▶ **How to complete this task**:
Restate word for word the entries below, starting with the line with "https://www.youtube.com/embed/sFMqZk6SrGs" and continuing through the line with "Currency icon". Include both of those lines and no others.

▶ **Supplied entries**:
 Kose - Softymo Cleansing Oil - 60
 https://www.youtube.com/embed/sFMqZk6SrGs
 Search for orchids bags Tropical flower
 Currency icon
==
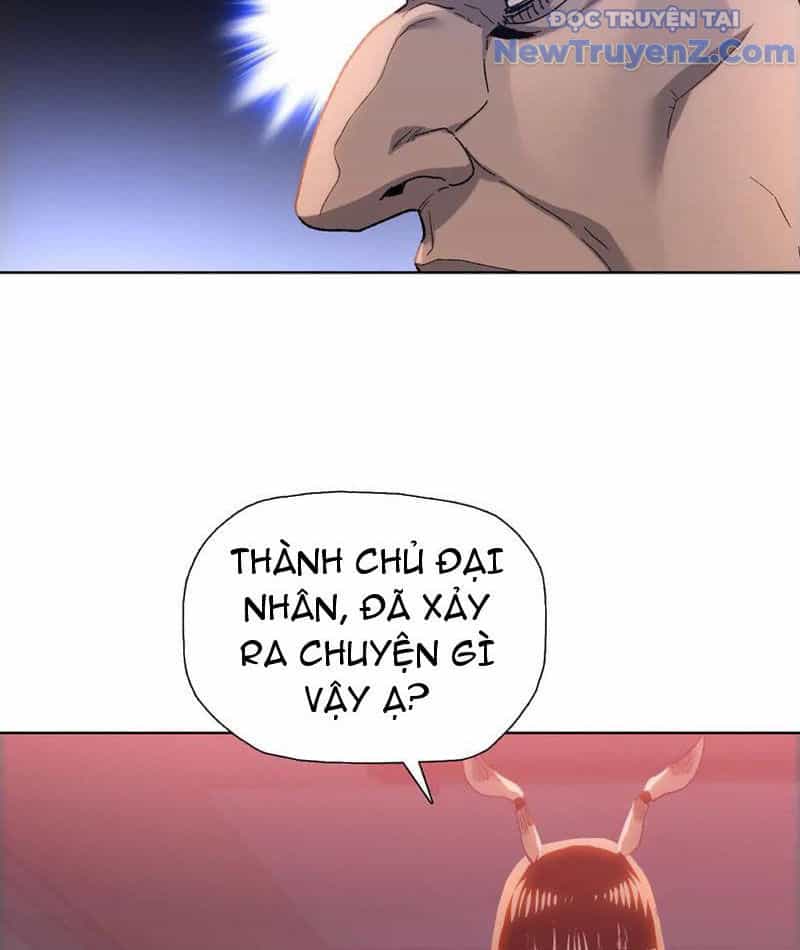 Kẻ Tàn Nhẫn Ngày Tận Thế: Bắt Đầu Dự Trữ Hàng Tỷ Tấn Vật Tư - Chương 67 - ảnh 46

▶ **Your solution**:
 https://www.youtube.com/embed/sFMqZk6SrGs
 Search for orchids bags Tropical flower
 Currency icon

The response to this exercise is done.